If k represents the number of products that will be analyzed, k-items-dataset can produce \(2^k-1\) possible frequent items and \(R=3^k-2^{k+1}+1\) possible association rules. However, less than 20% of the generated rules are meaningful for 20% of minimum support rate and 50% of minimum confidence rate. Consequently, most of the computations become wasted [8]. Considering real-life implementations include a huge k value, studies needs a suitable algorithm to avoid this problem. One way to reduce the computational time and cost is to decrease possible frequent items. The second way is to lessen the number of combinations. Apriori algorithm overcomes the problem of a high number of data attributes. It diminishes the number of possible items to produce frequent association rules. According to the Apriori principle, an item set that is not frequent cannot be included in the combined item sets. In other words, all subsets of a frequent item set must also be frequent [7]. It is also known as support-based pruning because of this principle.

The big data era has occurred a vast amount of data. Therefore, many data between datasets overlap, and datasets’ boundaries are more ambiguous than in the past. Boolean association rules can handle Boolean data, which is not suitable for overlapping and boundary data points. On the other hand, the fuzzy association rules can generate more reliable solutions even if data overlap and are located in boundaries. If we can obtain fuzzy association rules, we can ideally generate solutions for the problem of product associations. Fuzzy Association Rule Mining (FARM) is an extension of the ARM method by fuzzy set theory. In many real-life datasets, one product may belong to more than one class [9]. For example, a T-shirt can be put under sportswear class and clothing class. Traditional methods cannot consider these multiclass cases. A fuzzy extension of the traditional ARM method can close this gap [10]. Recent studies showed how fuzzy set theory could improve in evaluating the online customers’ demand from a B2C company [6, 11,12,13].

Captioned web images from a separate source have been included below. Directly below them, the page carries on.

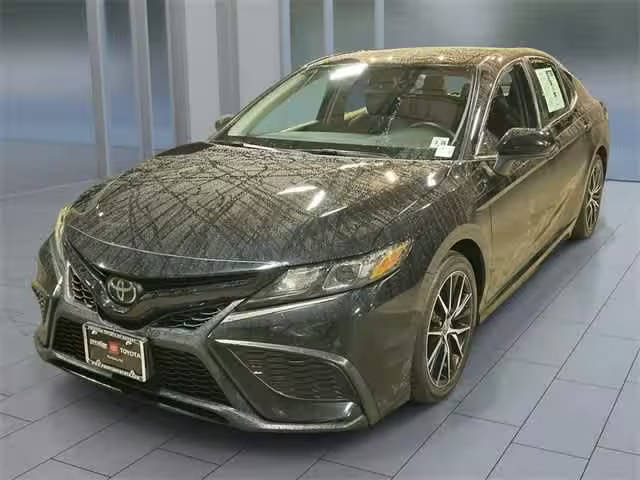 2021 Toyota Camry SE AWD photo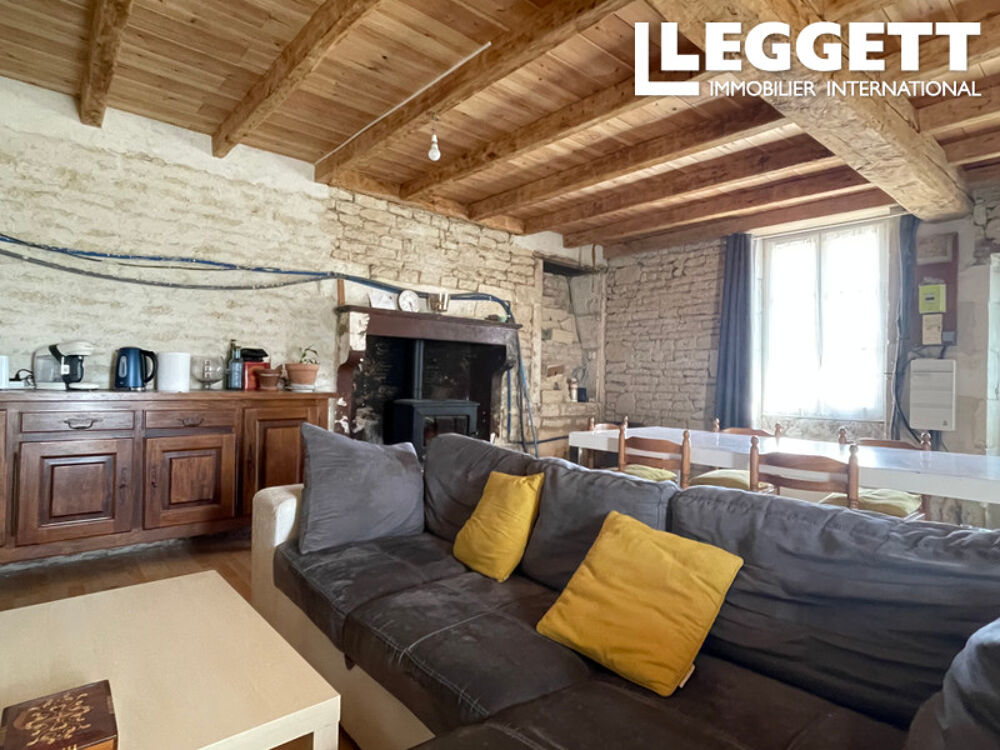 Vente Maison Propriété en pierre avec deux chambres, dépendances et un grand jardin à distance de marche des commodités loc Marcillac-lanville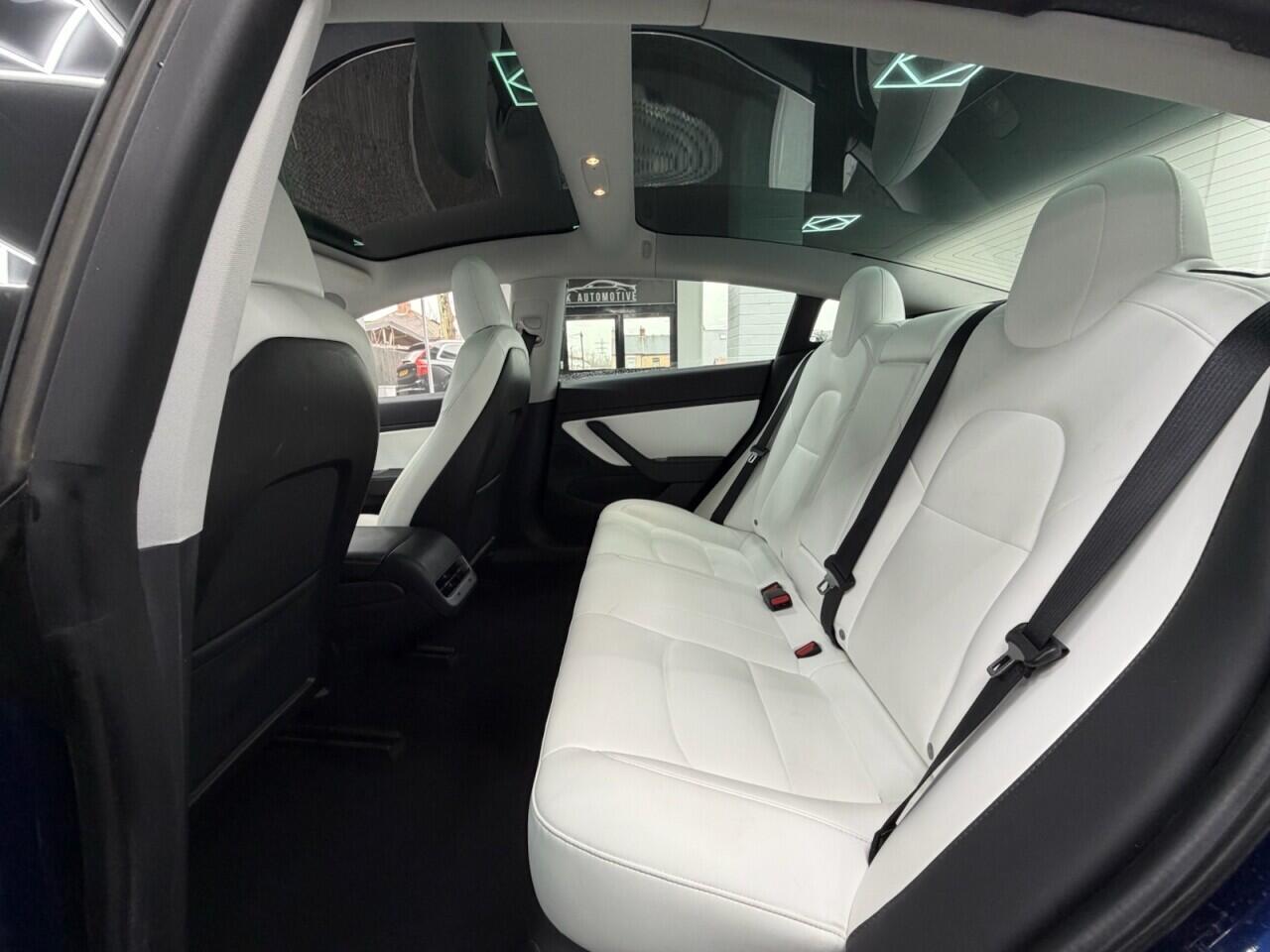 Tesla Model 3 - Image 38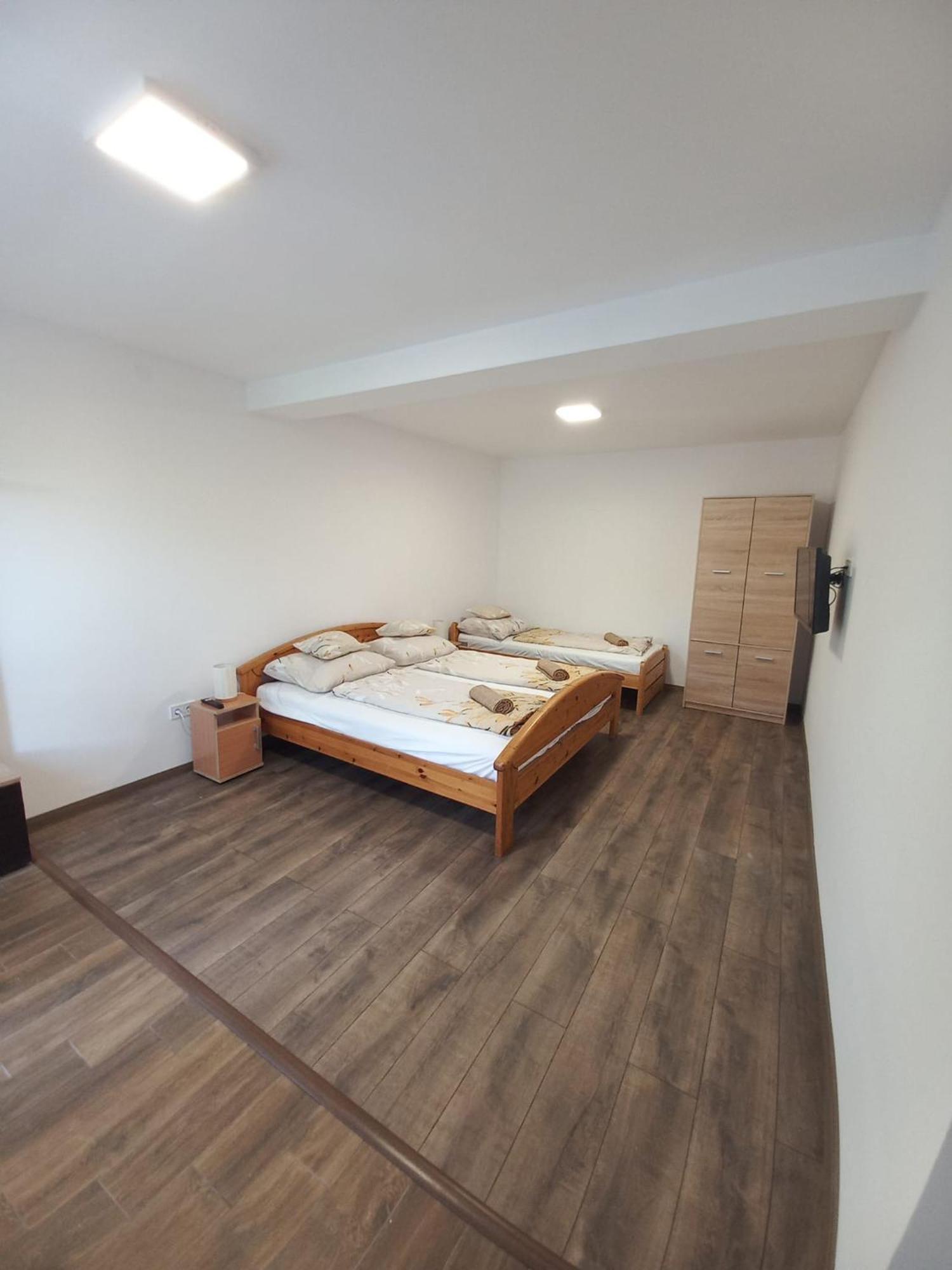 Oazis Apartman Sarospatak Exterior photo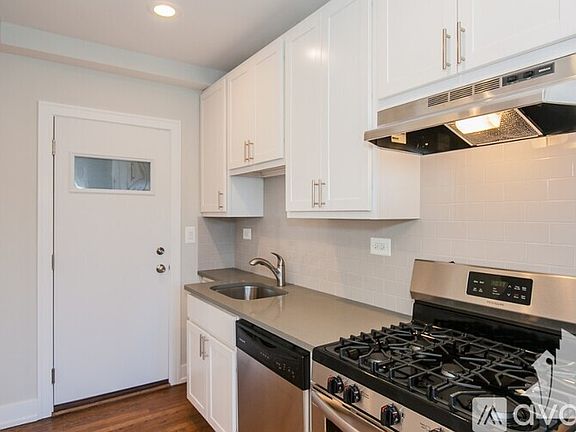 3rd image of 1940 W Wilson Ave #1948-2W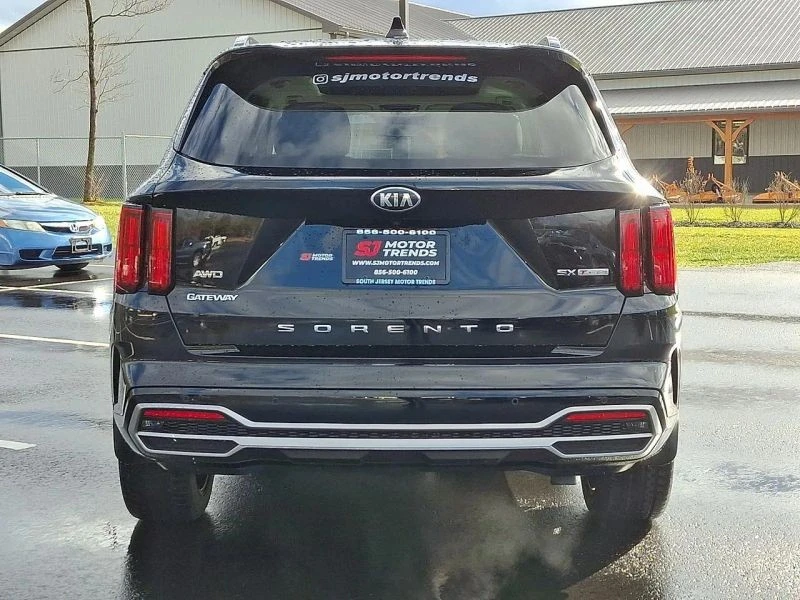 2021 Kia Sorento - Image 5 of 12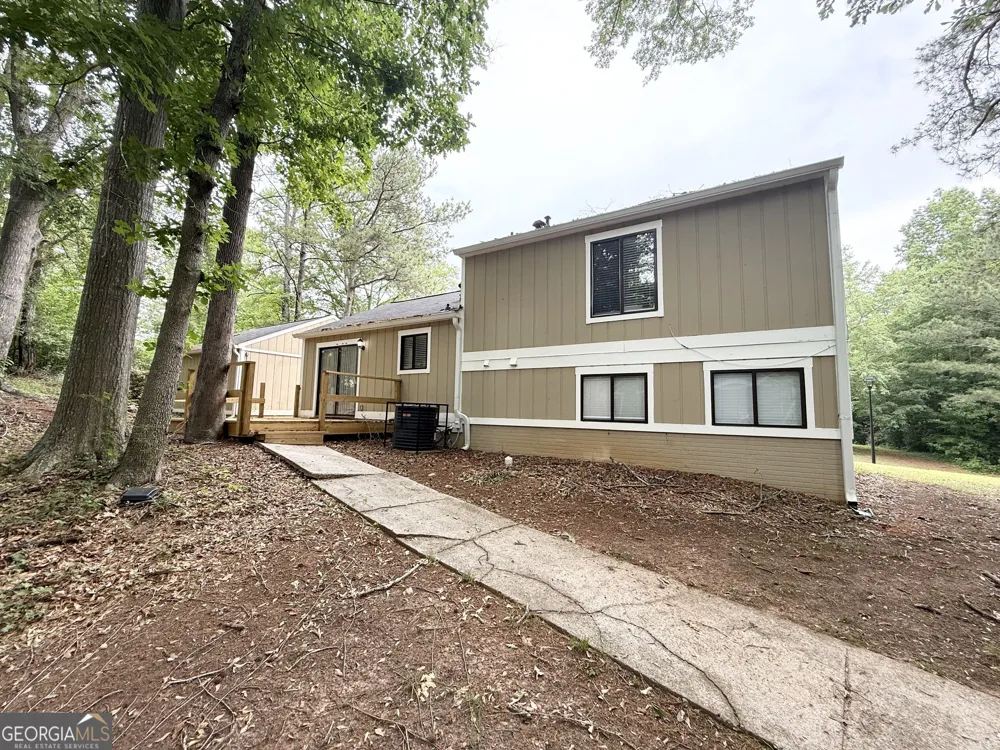 4887 Martins Crossing RD Stone Mountain, GA 30088
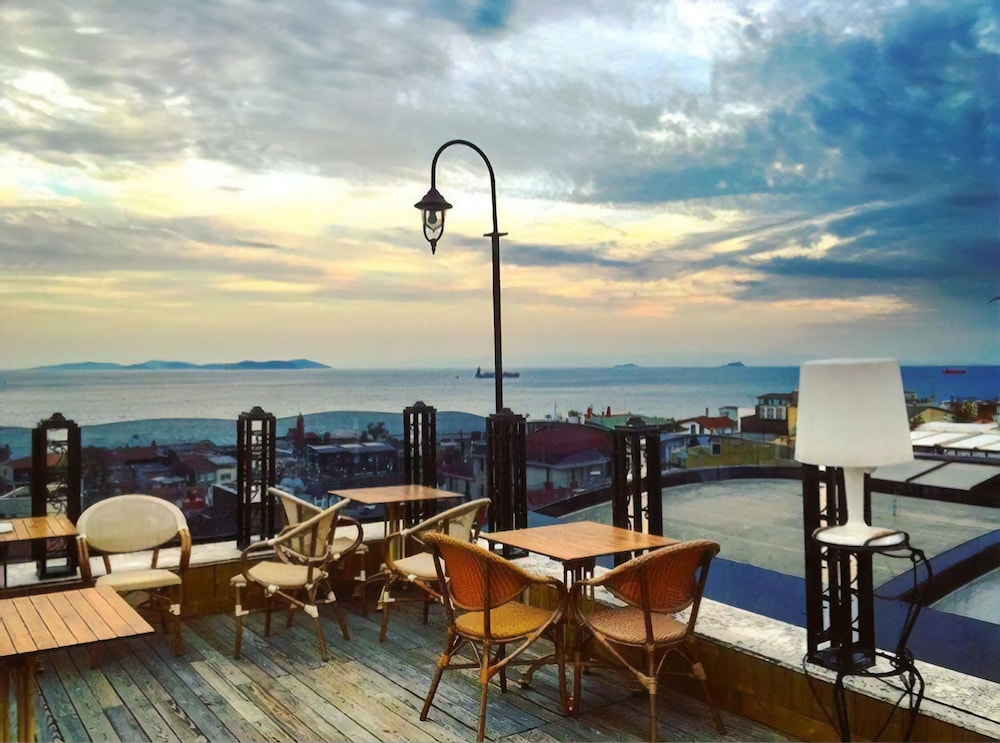 Glk Premier Regency Suites And Spa 72/74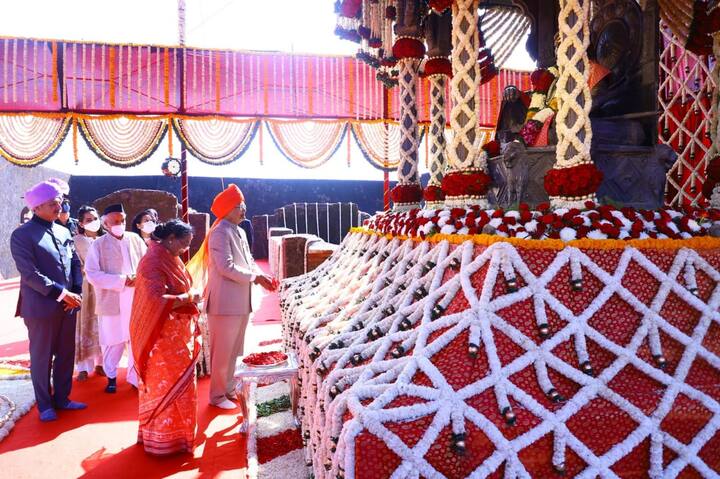 खासदार संभाजीराजेंनी देशाचे राष्ट्रपती रामनाथ कोविंद यांना महाराष्ट्राचं वैभव असलेल्या आणि स्वराज्याचा साक्षीदार असलेल्या रायगडाच्या भेटीसाठी येण्याचं निमंत्रण दिलं होतं.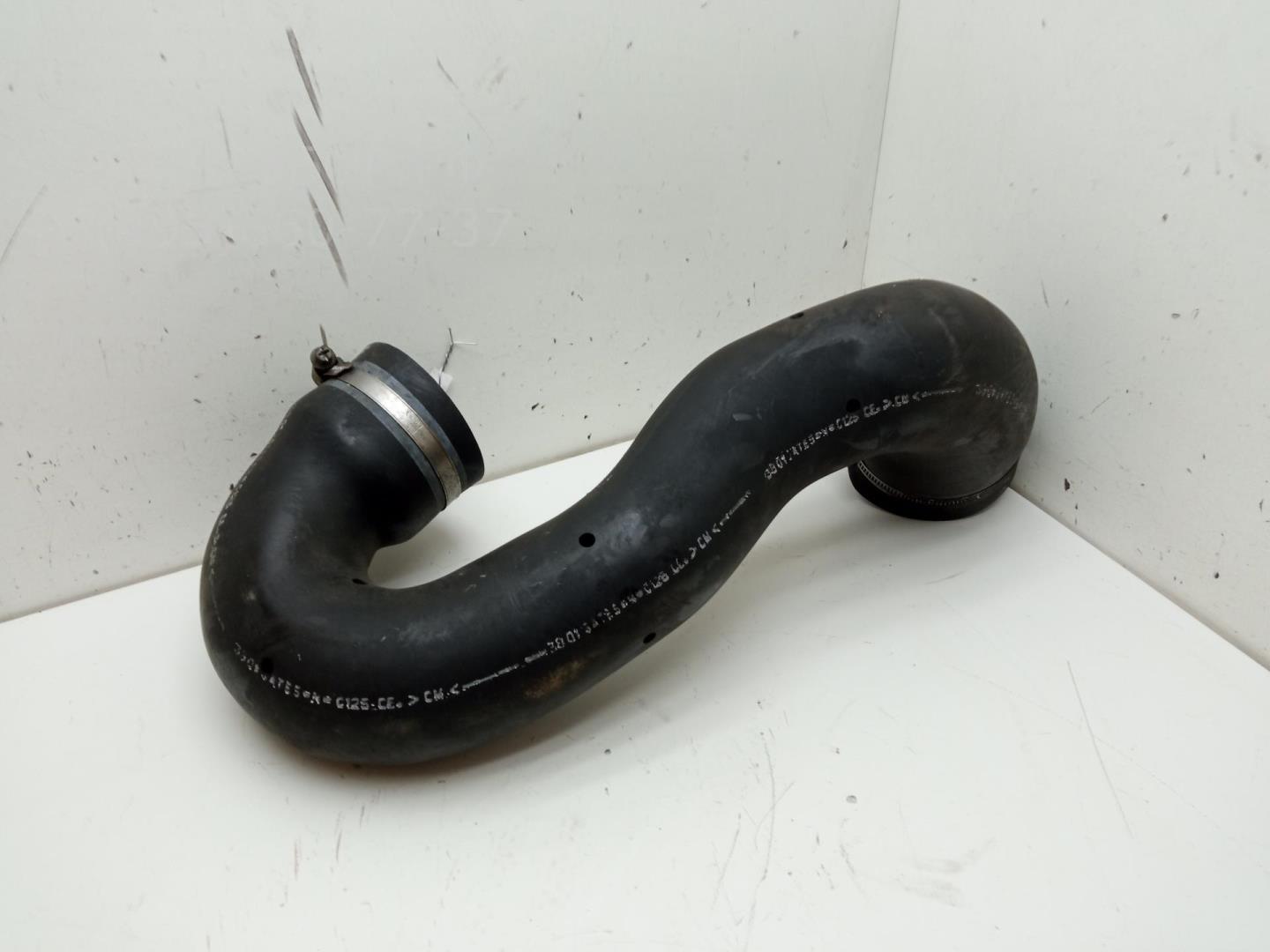 Патрубок воздушного фильтра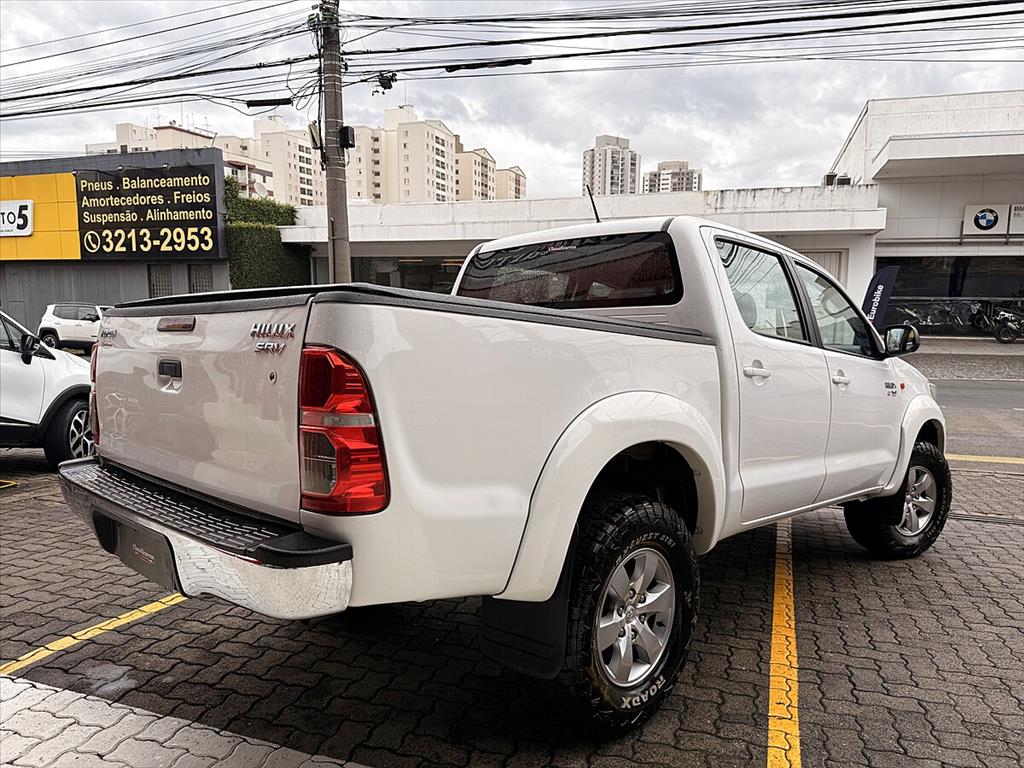 Toyota Hilux - 2.7 SR 4X2 CD 16V FLEX 4P AUTOMÁTICO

This study aims to present the potential of using the FARM approach with Apriori algorithm for e-commerce sales. Sales volumes for each product are the primary attribute for this research. The main contribution of the study is to recommend more relevant products to online customers by considering not only items sold but also sales amounts. Previous studies such as [1, 14] applied in e-commerce focused on items sold together in a certain period. However, the amount of the sold items should be considered to produce more meaningful results by association rule mining. The results of the study support decision-makers deciding how many and which kinds of products to generate the closest attention from online customers. This research proposes a methodology extending association rule mining with fuzzy set theory for this motivation. Although there are various fuzzy-based rule mining approaches in the literature, handling sales amounts distinguishes this study from others. Moreover, this study analyzes products specifically for Muslim women, because the company sells products that meet modest women’s desires. To the best of the authors’ knowledge, the fuzzy-based rule mining methodology is applied to Islamic products for the first time.

The remaining part of the paper is as follows: “Literature review” presents related works on association rules. “Preliminaries and methodology” explains the proposed FARM methodology. “Evaluation of the proposed methodology” shows the real-world numerical application of the FARM approach. “Conclusion and limitations” concludes the study by discussing the results and giving the limitations of the proposed methodology.

Literature review

E-commerce platforms produce a significant part of a company’s income, since they provide personalized recommendations for online customers. The purchasing decisions, experiences, and motivation of customers may change their preference, purchasing process, and final decision [15,16,17,18,19,20,21]. To increase people eagerness for online shopping, recommendation mechanisms and personalized systems are broadly utilized on current e-commerce websites [17, 22,23,24,25,26]. Several data mining techniques can be formulated to examine the data in e-commerce sales and recommend related products to users. Recommendation systems are applied originally to e-commerce websites for offering products to customers.

Selecting the recommendation method plays a vital role to generate recommendations. Association rule mining can enable recommendations, and Apriori is a well-known ARM algorithm. Reference [27] used clickstream data to develop a recommender system using association rule mining. The developed methodology measures the confidence degrees between clicked products, between the products placed in the basket, and between purchased products, respectively. Reference [28] proposed a personalized recommender system employing ARM and classification. Buyer demands were obtained from text documents and then converted into some meaningful expressions. Association rules were mined from the transformed phrases using the Apriori algorithm.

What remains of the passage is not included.